Neuromechanical representation of fabric-evoked prickliness: a fiber-skin-neuron model

Cutaneous Aδ nociceptors encode the material and geometrical features of fiber ends evoking prickliness sensation by generating neural spikes in response to indentation of human skin, however, understanding of the underlying neuromechanism of fabric-evoked prickliness is still far from clear. This work develops and validates a fiber-skin-neuron (mechanosensitive Aδ-nociceptors) model that combines an analytical model of fiber-skin indentation, a sigmoidal function of neuronal transduction, and a leaky integrate-and-fire model of neuronal dynamics.

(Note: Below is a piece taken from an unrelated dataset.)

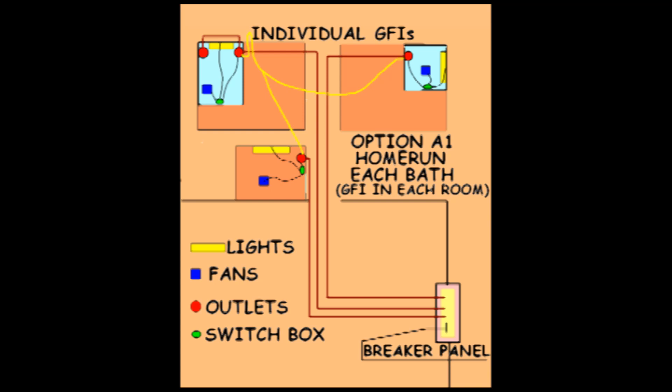The first diagram shows Option A where each bathroom is independently powered and protected by a GFI. That is to say that each bathroom has its own breaker and is GFI protected within the same bathroom.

Firstly, the model is validated to be capable of capturing the typical neurphysiological features of cutaneous Aδ nociceptors and the psychophysical phenomenon. And then, several case studies with respect to statistical features of fiber ends are carried out, and the resulting neural responses are calculated to explore the relationship between statistical features in study and evoked responses. The analysis of predicted action potentials over one second indicates that they systematically change with statistical features of fiber ends protruding above fabric surfaces, and the fitted stimulus–response relationship of Aδ nociceptors is highly similar to the stimulus-sensation relationship of prickliness rating magnitude. It follows that there might exist a linear relationship between fabric-evoked neurophysiological responses and psychophysical responses. These results provide significant new insight into the fabric-evoked prickliness sensation and raise interesting questions for further investigation, and the model described here bridges the gap between those models that transform fiber ends properties to firing rates.